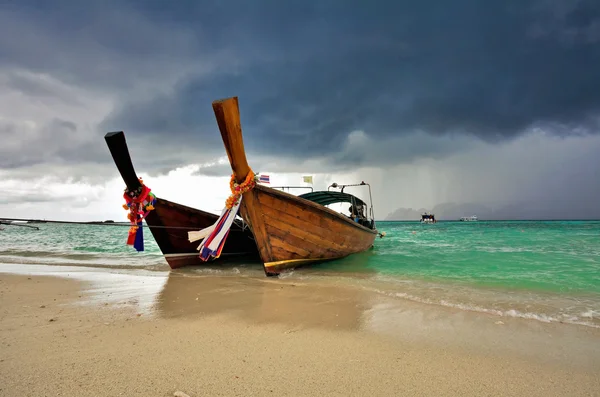 憂鬱な天気の熱帯の海でボート。タイ — ストック写真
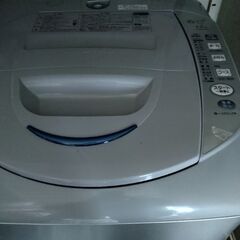 2010年式のSANYOの洗濯機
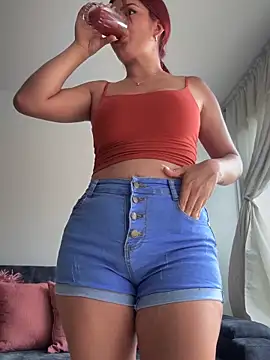 Snapshot of LINDA_PATTY94 chatting on January 28, 9:50 pm LINDA PATTY94 online show from January 28, 9:50 pm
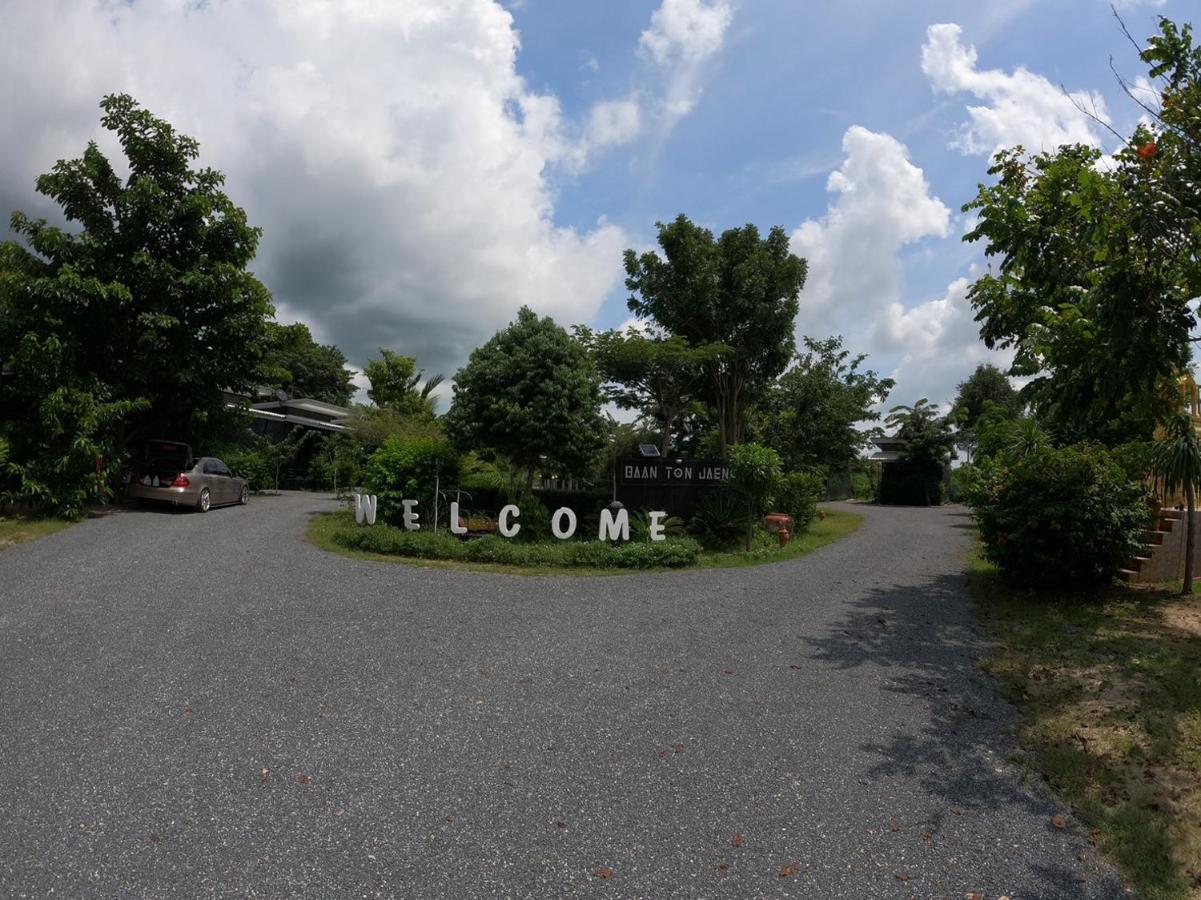 Baan Tonjaeng Resort Csainat Kültér fotó
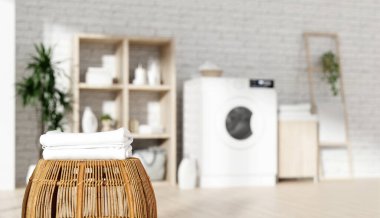 Temiz bir çamaşırhane, çamaşır makinesi, keten deposu ve modern bir ev ortamında rahat bir ortam..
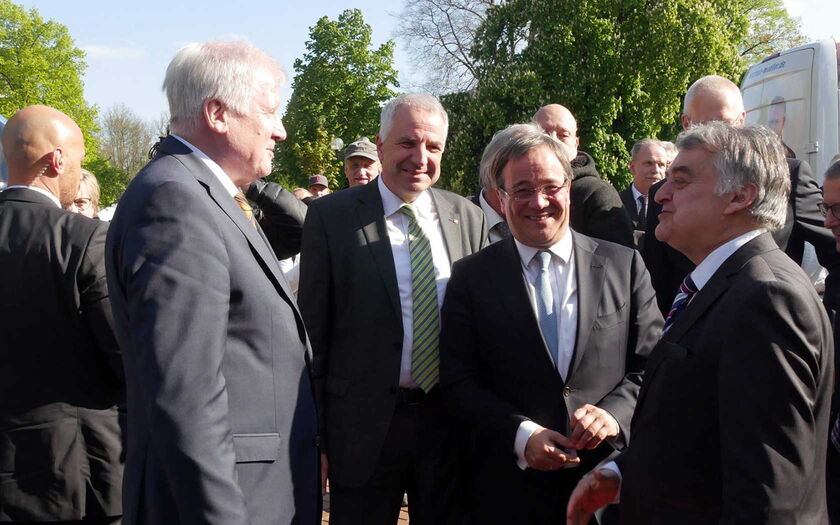 v.l.n.r.: Horst Seehofer, Rainer Deppe, Armin Laschet, Herbert Reul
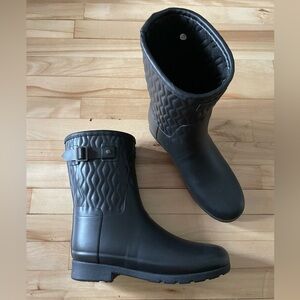 Black Hunter boots size 9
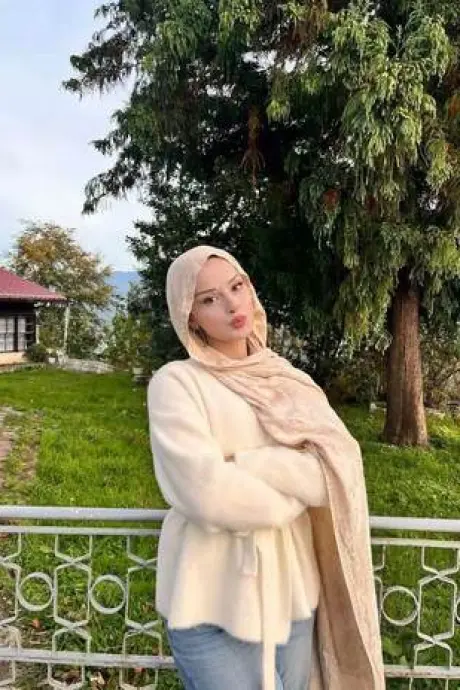 Yağmur Ümraniye Escort Bayan Ümraniye Escort Yağmur Fotoğrafı (4)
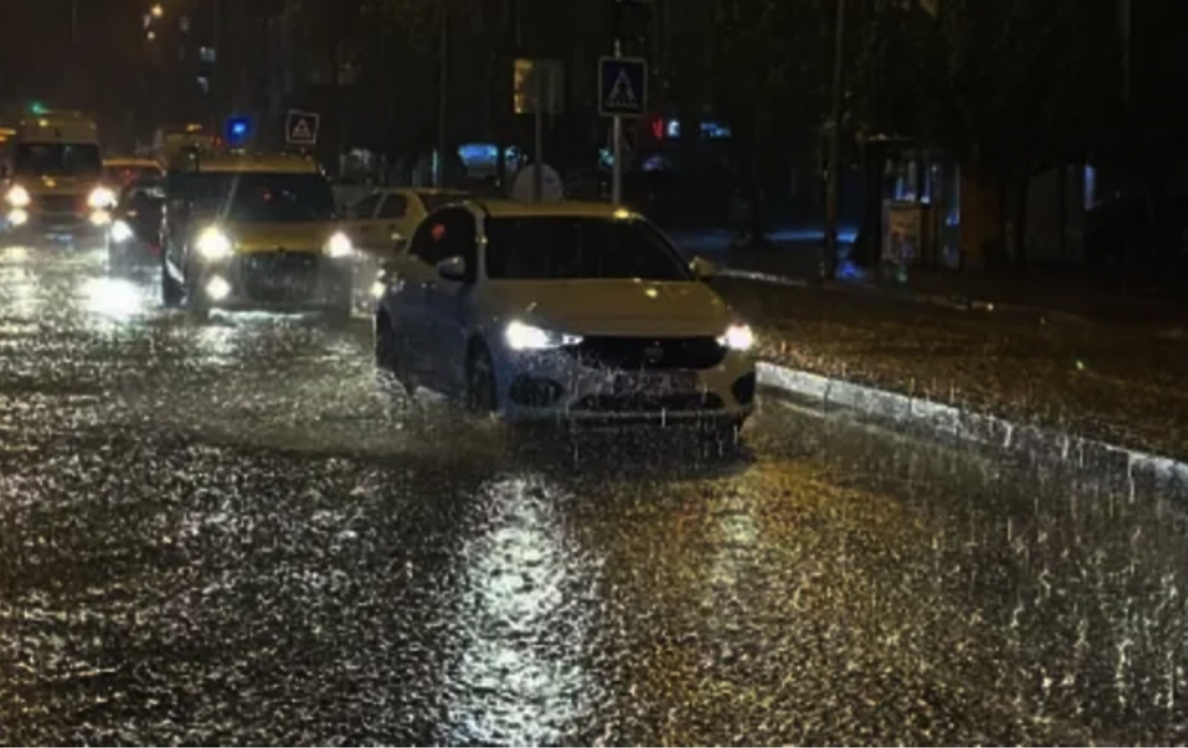 Kahta'da Şiddetli Yağışa Rağmen Kent Genelinde Sorun Yaşanmadı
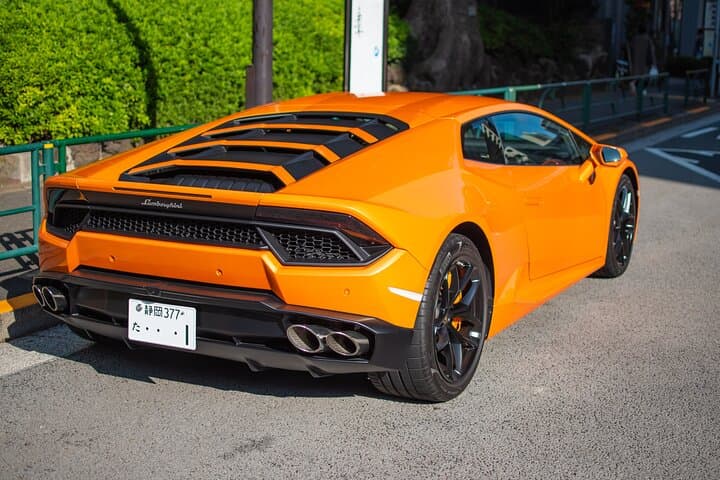 Daikoku PA JDM Car Scene Private Tour in a Lamborghini — photo 6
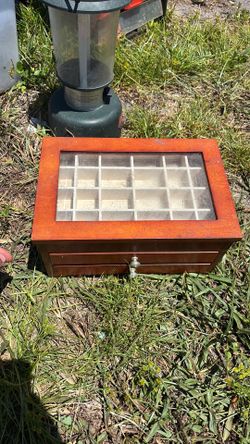 Wooden jewelry display box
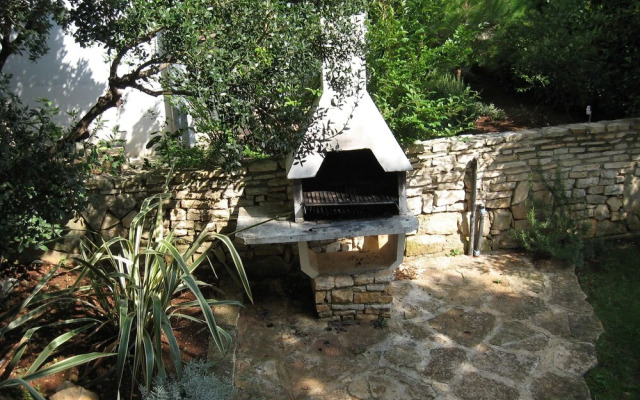 Six Person Apartment With Two Bedrooms And 200M From Beach In Pjescana Uvala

## WHAT TO PRODUCE
Output the records above exactly, omitting the pictures.

## ANSWER
 憂鬱な天気の熱帯の海でボート。タイ — ストック写真
 2010年式のSANYOの洗濯機
 Snapshot of LINDA_PATTY94 chatting on January 28, 9:50 pm LINDA PATTY94 online show from January 28, 9:50 pm
 Baan Tonjaeng Resort Csainat Kültér fotó
 Temiz bir çamaşırhane, çamaşır makinesi, keten deposu ve modern bir ev ortamında rahat bir ortam..
 v.l.n.r.: Horst Seehofer, Rainer Deppe, Armin Laschet, Herbert Reul
 Black Hunter boots size 9
 Yağmur Ümraniye Escort Bayan Ümraniye Escort Yağmur Fotoğrafı (4)
 Kahta'da Şiddetli Yağışa Rağmen Kent Genelinde Sorun Yaşanmadı
 Daikoku PA JDM Car Scene Private Tour in a Lamborghini — photo 6
 Wooden jewelry display box
 Six Person Apartment With Two Bedrooms And 200M From Beach In Pjescana Uvala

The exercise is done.